--- SOURCE MATERIAL ---

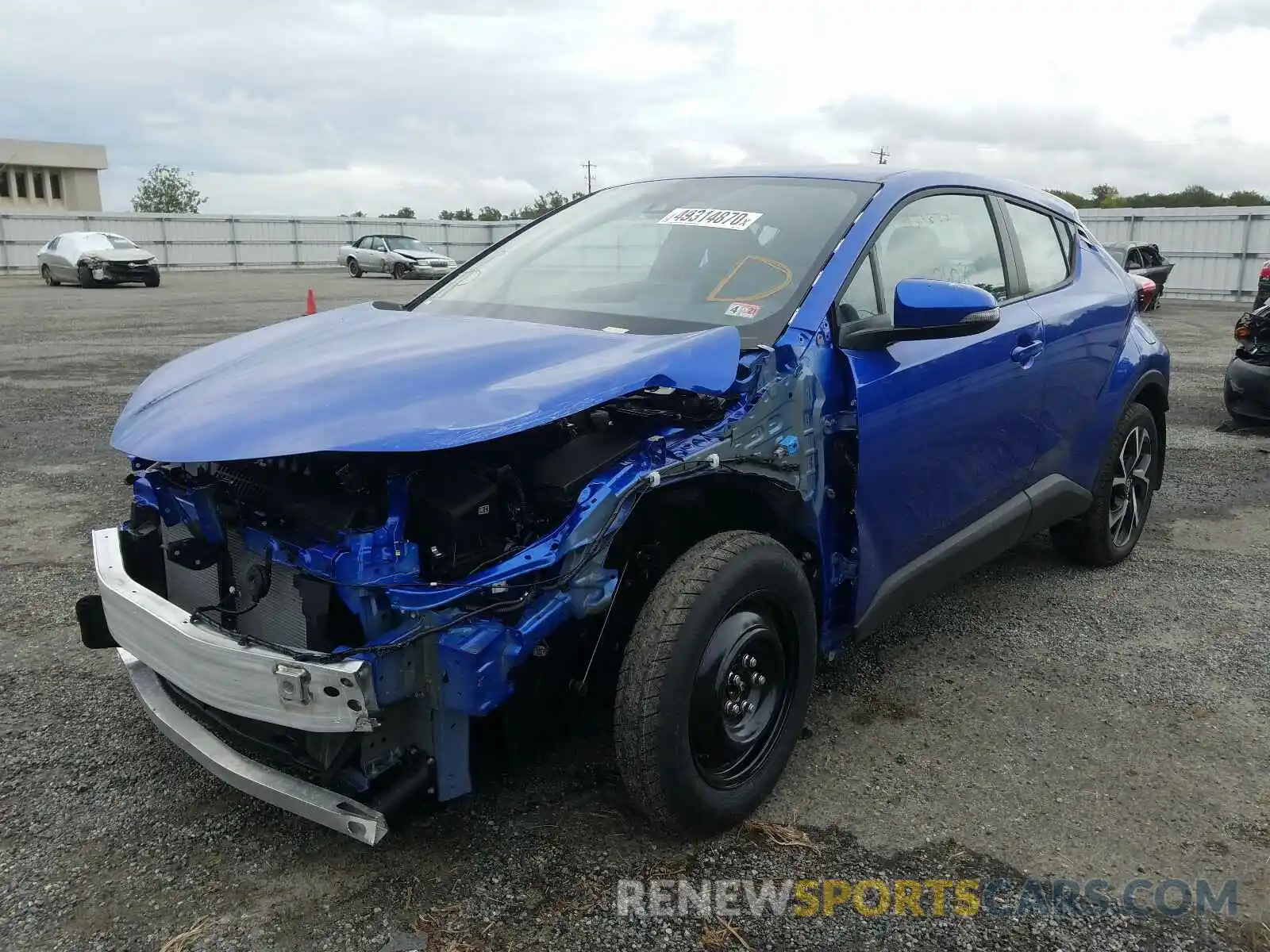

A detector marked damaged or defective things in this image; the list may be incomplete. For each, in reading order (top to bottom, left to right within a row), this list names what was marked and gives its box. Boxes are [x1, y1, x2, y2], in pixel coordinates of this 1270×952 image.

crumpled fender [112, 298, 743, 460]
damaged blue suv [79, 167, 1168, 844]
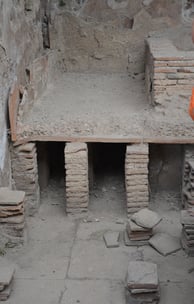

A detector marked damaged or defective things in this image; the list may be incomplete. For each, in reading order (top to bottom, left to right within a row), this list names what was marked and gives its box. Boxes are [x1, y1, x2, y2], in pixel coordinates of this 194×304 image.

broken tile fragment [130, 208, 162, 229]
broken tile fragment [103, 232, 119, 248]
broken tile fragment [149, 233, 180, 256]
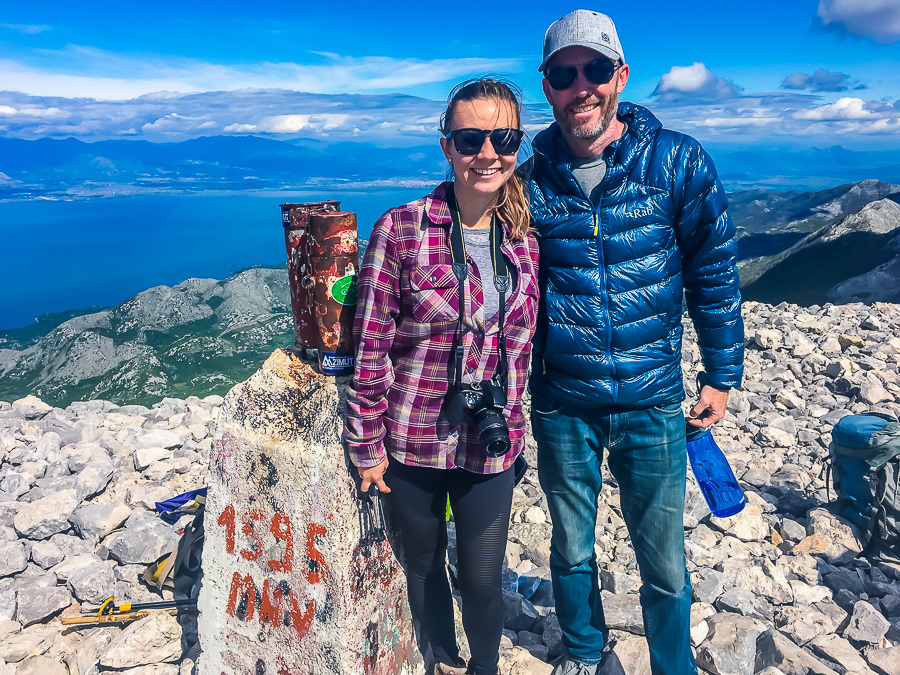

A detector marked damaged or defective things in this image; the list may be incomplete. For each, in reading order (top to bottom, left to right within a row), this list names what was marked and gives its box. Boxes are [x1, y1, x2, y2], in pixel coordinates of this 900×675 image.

---

PROBLEM STATEMENT:
Give all entries again verbatim, without any images.

TASK ANSWER:
A detector marked damaged or defective things in this image; the list may be incomplete. For each, in reading order (top to bottom, left to right within a row), this list names what was marked and gives its box. Boxes are [x1, y1, x2, y2], in pixel coordinates of this 1270×952 image.

crumpled fender [112, 298, 743, 460]
damaged blue suv [79, 167, 1168, 844]

A detector marked damaged or defective things in this image; the list may be incomplete. For each, in reading order (top to bottom, left to right within a row), this list names what was marked and gives its box. Boxes are [x1, y1, x2, y2], in pixel coordinates of this 194×304 image.

broken tile fragment [130, 208, 162, 229]
broken tile fragment [103, 232, 119, 248]
broken tile fragment [149, 233, 180, 256]

A detector marked damaged or defective things in this image; the list may be incomplete. For each, in reading order (top to bottom, left to right within a row), this list names what was marked and gives its box. Boxes are [x1, y1, x2, y2], in pixel coordinates of this 900×675 image.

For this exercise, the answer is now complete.